Learning to Steer Learners in Games
This addresses a fundamental challenge in game theory for optimizing interactions with adaptive agents, but it is incremental as it builds on existing no-regret learning frameworks.
The paper tackles the problem of steering a no-regret learner to a Stackelberg equilibrium in repeated two-player games without knowing the learner's payoffs, showing it is impossible with general no-regret algorithms but effective when the learner's algorithm is from a smaller class, such as ascent or stochastic mirror ascent with known parameters.

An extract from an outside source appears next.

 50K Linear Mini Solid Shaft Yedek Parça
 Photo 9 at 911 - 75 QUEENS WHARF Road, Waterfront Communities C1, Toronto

We consider the problem of learning to exploit learning algorithms through repeated interactions in games. Specifically, we focus on the case of repeated two player, finite-action games, in which an optimizer aims to steer a no-regret learner to a Stackelberg equilibrium without knowledge of its payoffs. We first show that this is impossible if the optimizer only knows that the learner is using an algorithm from the general class of no-regret algorithms. This suggests that the optimizer requires more information about the learner's objectives or algorithm to successfully exploit them. Building on this intuition, we reduce the problem for the optimizer to that of recovering the learner's payoff structure. We demonstrate the effectiveness of this approach if the learner's algorithm is drawn from a smaller class by analyzing two examples: one where the learner uses an ascent algorithm, and another where the learner uses stochastic mirror ascent with known regularizer and step sizes.